Para Ney, tanto a mídia quanto o público pegaram pesado com os artistas do grupo Procure Saber (entre eles Caetano Veloso, Gilberto Gil e Chico Buarque), contrário às biografias não autorizadas, e que acabam de sofrer uma baixa de peso: Roberto Carlos, um dos pilares da discussão, optou por abandonar a aliança de artistas que pleiteavam a permanência da legislação atual, que ampara a autorização prévia.
"Na internet todo mundo se acha com direito de julgar, então caíram de pau, matando mesmo. Mas não é uma democracia, c******? Todo mundo tem que ter direito à sua opinião", enfatizou.
Trailer de "Olho Nu"
LSD, Cazuza e Santo Daime
Em "Olho Nu", Ney garantiu que não teve restrições e disse que até sentiu falta de ter sido mais exposto no filme. Seu próprio relato das experiências com drogas foi uma das ausências sentidas pelo artista. "Acho que o Joel quis limpar a minha barra, mas não há necessidade disso. Nunca escondi, sempre transitei com muita liberdade pela vida", disse. A droga em questão é o LSD, e o documentário esconde a afirmação dele de que foi uma experiência positiva. "Não tomava isso para ficar doido e dançar em boate. Eu ia para Búzios, vestia roupa branca, é outra situação. Era uma busca. Hoje em dia não é isso".
O trecho sobre o alucinógeno aparece no filme com três vozes sobrepostas, o que dificulta o entendimento. Segundo o diretor, foi um recurso sonoro utilizado com o objetivo de contextualizar o tema com pegada psicodélica. De ato, "Olho Nu" não se restringe ao formato de cinebiografia. É um filme-ensaio, um autorretrato em que o artista visita a si mesmo, suas memórias, história, amores, ideias, desejos, delírios, sonhos e contradições. "Esse não é um filme 'sobre', mas 'com', ou 'através' de Ney Matogrosso", definiu o diretor Joel Pizzini.
Há outros temas evitados em cena. As experiências do artista com a bebida indígena amazônica ayahuasca, na década de 1980, não aparece em nenhuma parte do documentário. No Brasil, o chá psicodélico é usado em rituais religiosos sincréticos, como o Santo Daime.

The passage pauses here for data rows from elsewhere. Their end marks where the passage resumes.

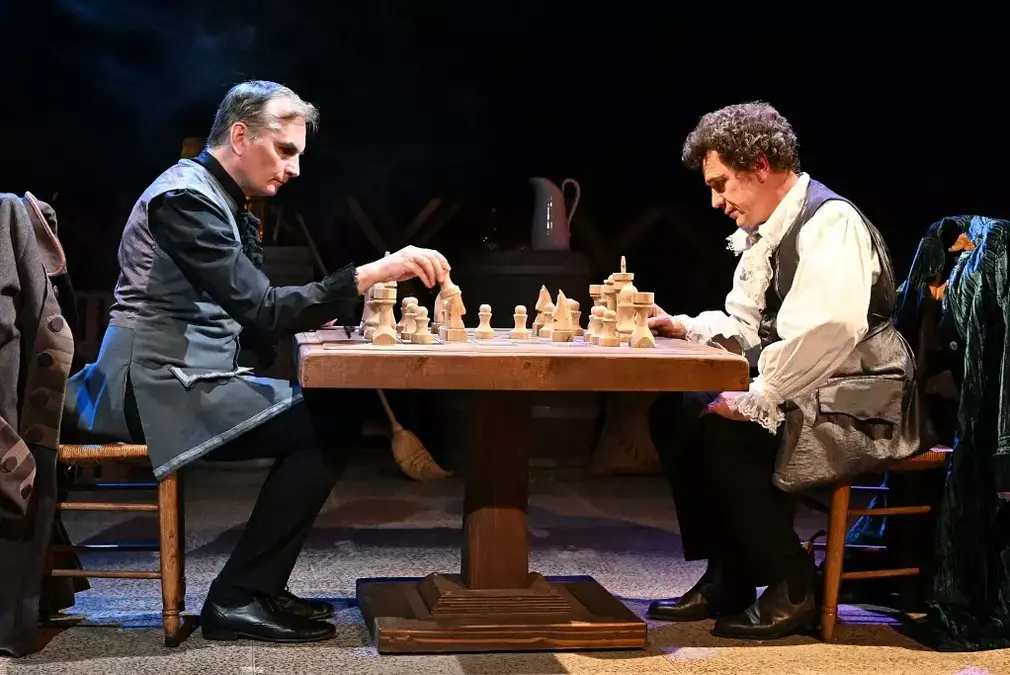 0 Photo de l'revue_presse' La Raison du plus fou : Rousseau vs Diderot, duel au sommet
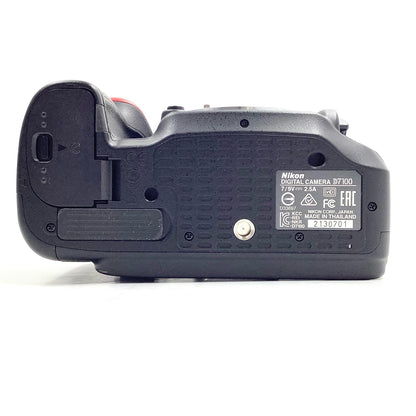 【全額返金保証】【最速発送】Nikon デジタル一眼 D7100 超美品 動作確認済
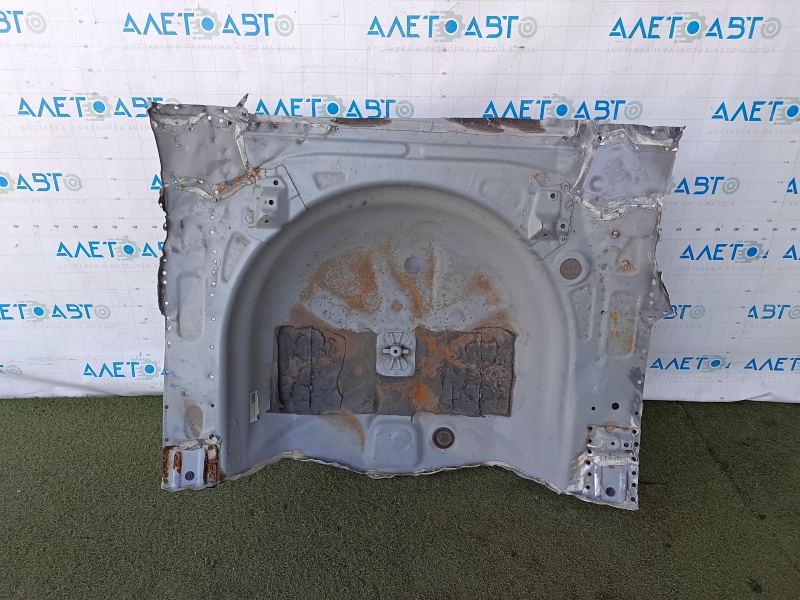 Корито багажника Toyota Prius V 12-17 висвердлено
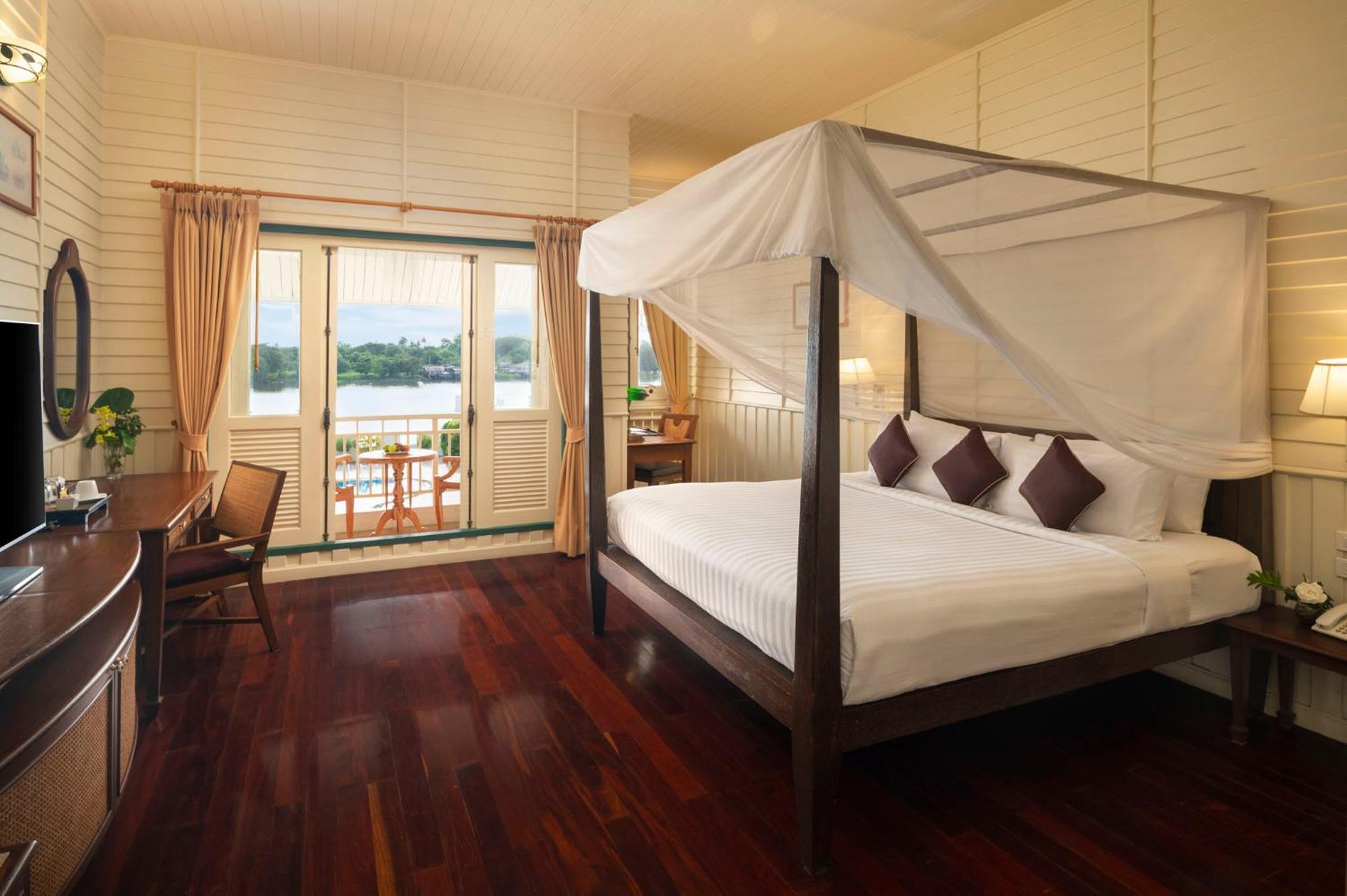 Kalanan Riverside Resort Nonthaburi Bagian luar foto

Embora ainda classificada como alucinógeno, para Ney Matogrosso não se trata de uma droga. "O Daime me fez ver meu real tamanho, e entender que não sou mais importante do que um grão de areia ou uma flor. E isso não foi ruim, me ensinou a amar", disse.
O relacionamento com Cazuza também é relegado a apenas duas cenas na história. "Antes dele [Cazuza], a única coisa que oferecia a qualquer pessoa era meu corpo. Meus sentimentos eu não liberava, por traumas de pai e mãe", contou. A partir do cantor, Ney viu que era possível oferecer algo a mais. "Foi [ele] quem abriu essa porta. Havia um amor entre a gente que perdurou até a morte dele".